··· SOURCE DATA ···
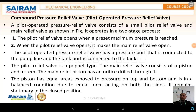Hello everyone. In this session we will discuss the compound pressure relief valve. Before going in depth with respect to the compound pressure relief valve, first we will review what we discussed earlier, which is the simple pressure relief valve.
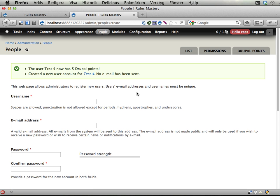And as it has been set up before, this user gets 5 Drupal points just for being created.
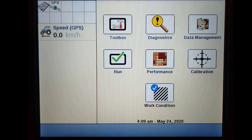In this video, we will be working through how to correctly set up the Pro700 and IntelliView 4 display that is connected to a CNH receiver for NTRIP RTK.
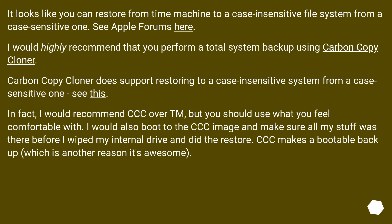It looks like you can restore from Time Machine to a case insensitive file system from a case sensitive one — see the Apple forums linked here. I would highly recommend that you perform a total system backup using Carbon Copy Cloner. Carbon Copy Cloner does support restoring to a case insensitive system from a case sensitive one. In fact, I would recommend CCC over Time Machine, but you should use what you feel comfortable with.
···
REQUIREMENT -
Once the pictures are set aside, please output all the data word for word.

RESULT BELOW -
Hello everyone. In this session we will discuss the compound pressure relief valve. Before going in depth with respect to the compound pressure relief valve, first we will review what we discussed earlier, which is the simple pressure relief valve.
And as it has been set up before, this user gets 5 Drupal points just for being created.
In this video, we will be working through how to correctly set up the Pro700 and IntelliView 4 display that is connected to a CNH receiver for NTRIP RTK.
It looks like you can restore from Time Machine to a case insensitive file system from a case sensitive one — see the Apple forums linked here. I would highly recommend that you perform a total system backup using Carbon Copy Cloner. Carbon Copy Cloner does support restoring to a case insensitive system from a case sensitive one. In fact, I would recommend CCC over Time Machine, but you should use what you feel comfortable with.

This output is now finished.